In a glorious and unexpected start to a Monday at the end of July, it was below 70 degrees for my jog this morning. Shaved a minute and a half off last week’s best time. Go me!
Equally glorious and unexpected, my boss is OUT OF THE OFFICE today, so I shouldn’t have any trouble actually knocking out recording the last two lectures for my new fall class between getting regular work done. Which will be a really epic thing to check off my To Do List. I might even get a chance to start editing and producing them.
Not checked off my To Do list yet are the two scenes I intended to knock out yesterday. :grumbles: I did a lot of hacking, deleting the bits I knew wouldn’t work in the current Act 4, but I just couldn’t seem to get my brain to buckle down on the changes. I FINALLY started to get a glimmer as I was falling asleep last night–which meant I had to flip on the light and scribble in the notebook I keep by the bed for that purpose. So I’ll be moving forward on that today.
Either way, revisions WILL BE DONE, and there WILL BE a book to release. A fair bit has changed since the last time I did this, not the least of which is that Kobo has its own publishing platform. Obviously all my previous work has been pushed to Kobo through Smashwords Premium Distribution (as that was the option at the time). I’ve been trying to decide if I want to go directly through Kobo this time or to continue the trend. I’d like to hear from those of you who’ve used Kobo Writing Life.

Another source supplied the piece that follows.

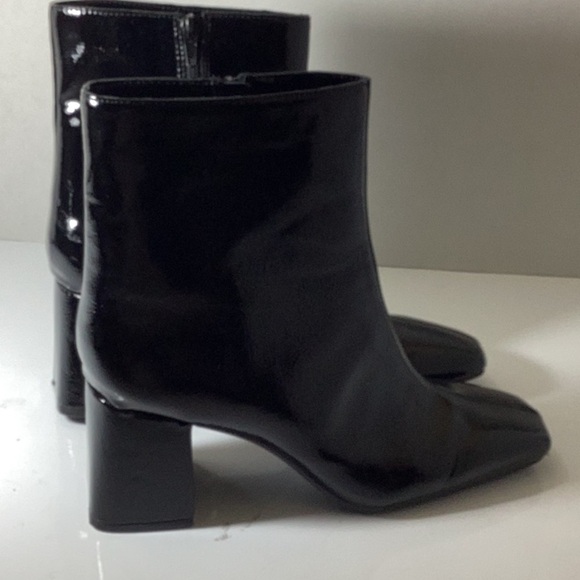 Margoep Womens Solid Manmade Ankle Boots - Picture 8 of 13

Have you had a good experience? If you’ve done it both ways, do you have a preference and why? This inquiring mind wants to know.
4 thoughts on “Monday Miscellany and Looking for Opinions on Kobo Writing Life”
I haven’t used Kobo, but I’m going to give some food for thought. I went with B & N directly, but I found I ended up making about .20 less per book (on my .99 ones) than I did when using Smashwords. So, even though going directly usually gets sales figures out faster, I’m going to stick to Smashwords for everything else as long as my royalties are better. Unless Kobo can offer me a better royalty percentage. Then I’ll think about it.
I’ve actually considered going through Smashwords for BN simply to give myself the option of setting the price for free. I can’t do that on anything I went directly through BN for as they don’t price match like Amazon does and Amazon gets pissy because it’s still a higher price somewhere else. Not sure what Kobo’s policy is on that.
From Kobo’s guide: “Payment will be issued on a monthly basis if your content has generated over
$100.00 USD.”
So if you don’t sell a lot on Kobo, that’s another possible reason to go through Smashwords.
Whoa, really? That’s a big difference from everybody else. I think $10 is the cut off at Amazon and BN.